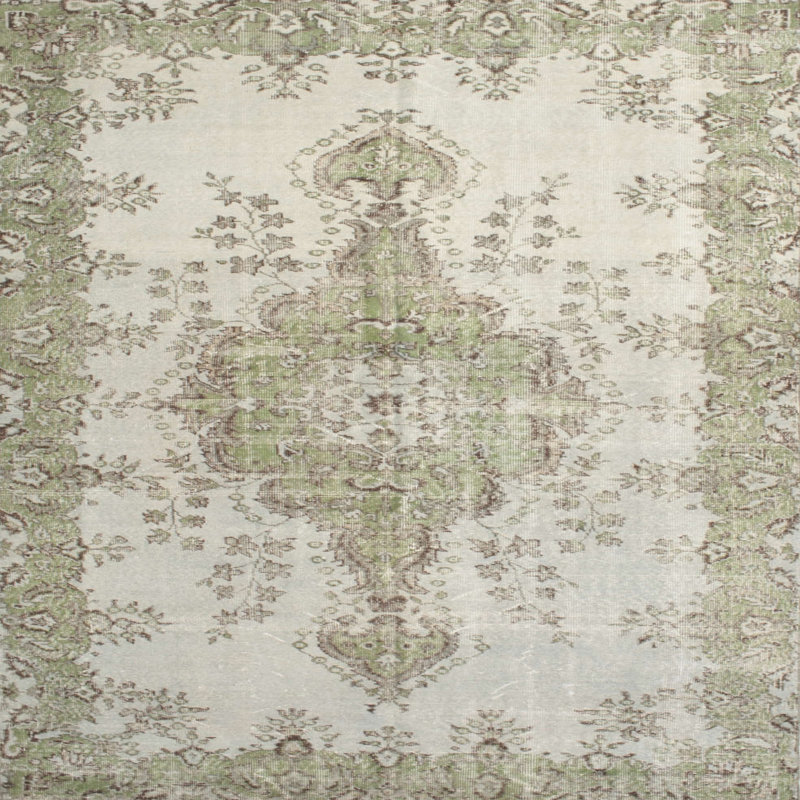 Tapis bleu ciel/beige traditionnel 777, Carré 5 pi
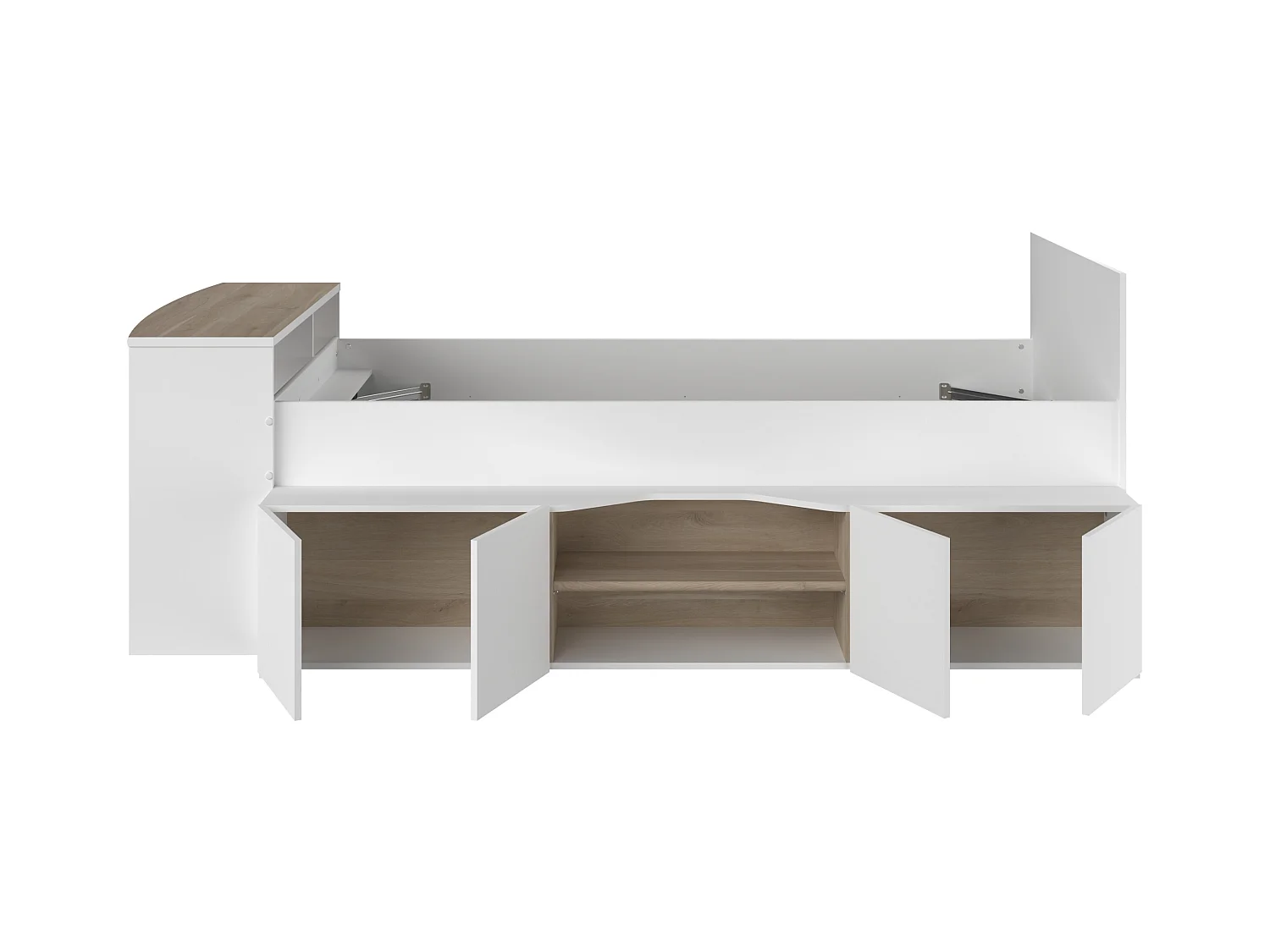 Cama 90 x 190/200 cm con escritorio y compartimentos - blanco y natural + Somier + Colchón - JOCHIANE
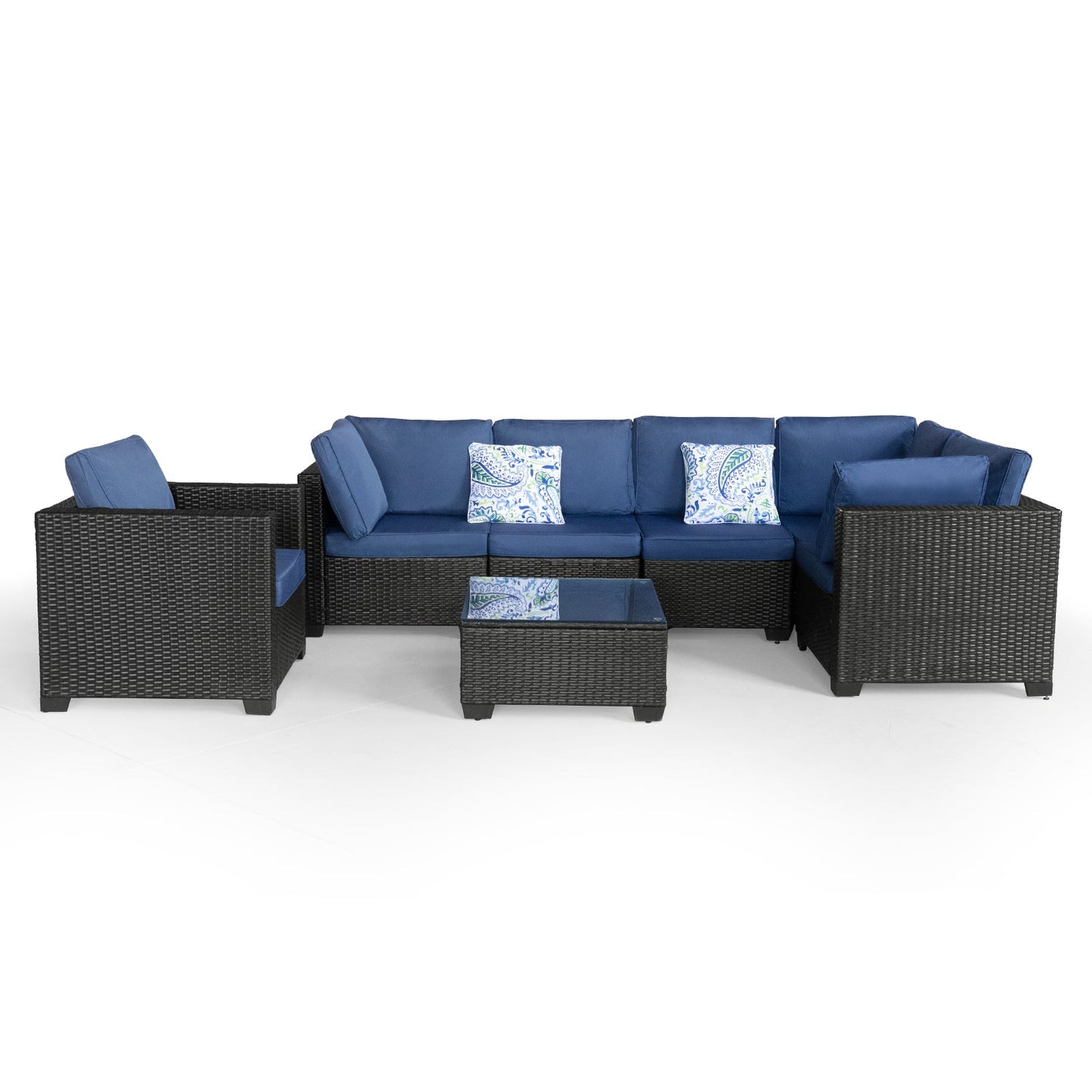 Black and Blue PE Rattan Patio Furniture Set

• _TASK GOAL_
Locate "Cama 90 x 190/200" in the listing above, then print exactly the lines from that line through the final one, omitting all pictures.

• _ANSWER TO THIS TASK_
 Cama 90 x 190/200 cm con escritorio y compartimentos - blanco y natural + Somier + Colchón - JOCHIANE
 Black and Blue PE Rattan Patio Furniture Set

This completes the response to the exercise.